Los mecanismos de defensa, esos que nos salvaron durante nuestra niñez y a los que entonces nos aferramos con fuerza para salir adelante, son en realidad un parche. Pero ese parche, esa gasa que alivió la herida cuando más lo necesitábamos, se convierte con el tiempo en la única forma que conocemos de interactuar. Durante la infancia aprendimos a vivir de ese modo, y una vez interiorizado, de adultos es muy complicado deshacerse de tal aprendizaje, aunque no es imposible. Se trata, ni más ni menos, de aprender a relacionarnos de otra forma con nosotros mismos y con nuestro entorno.
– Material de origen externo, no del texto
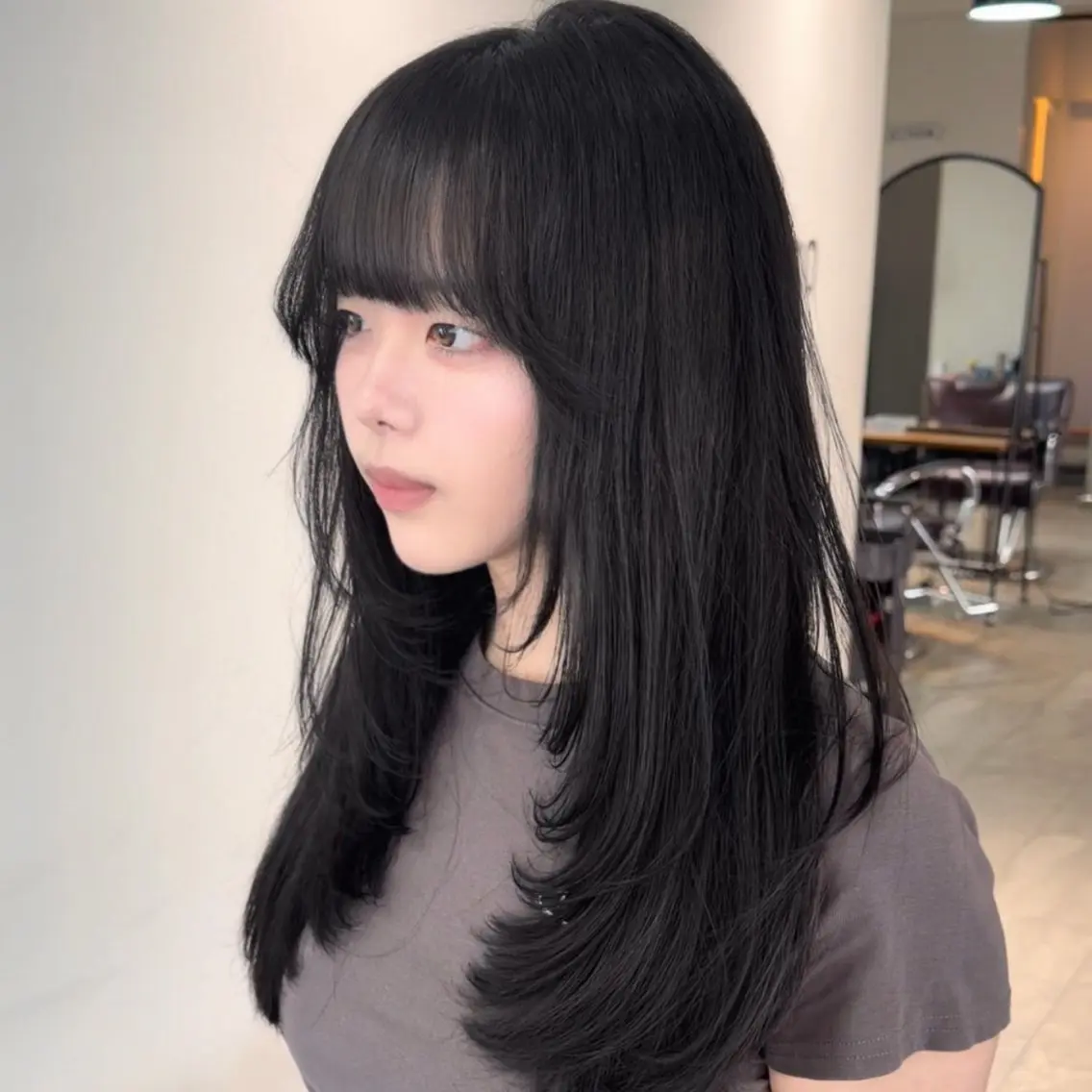ロング カラー ヘアアレンジ ヘアカラー ヘアセット 韓国ヘア/レイヤー/ 🩶ツブラ🩶のヘアスタイル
Una tarea nada sencilla, y que en no pocas ocasiones puede durar meses e incluso años.

2 comentarios:

  1. Muy cierto todo lo que dices. En mi caso yo también intenté ser siempre perfecta, siempre haciendo lo que se esperaba de mí... Incluso llegando al punto de no saber ni siquiera qué era lo que a mí me gustaba o qué quería yo de verdad... Me he sentido muy identificada en esta entrada

    ResponderEliminar
    Respuestas
    1. Yo también llegué a sentirme como tú: cada vez que me planteaba que quería hacer con mi vida o que tenía que tomar una decisión podía llegar a tardar varias semanas en apostar por un camino o por otro, y aún así lo hacía llena de dudas. Por no decir que la mayoría de veces a la hora de decidir me basaba más en hacer lo que consideraba mi deber o en complacer a terceros que no en lo que yo realmente deseaba. Sin embargo, ni siquiera me daba cuenta. Si me hubieras preguntado entonces te habría dicho que estaba cumpliendo mi propia voluntad. Creo que es la consecuencia de vivir intentando ser otra persona (una muñeca que guste a todos): al final no sabes dónde empiezas tú y dónde acaba tu personaje. Yo había veces que incluso dudaba de si algunas creencias, maneras de pensar, características o gustos -musicales, cinematográficos, etc.- eran realmente míos.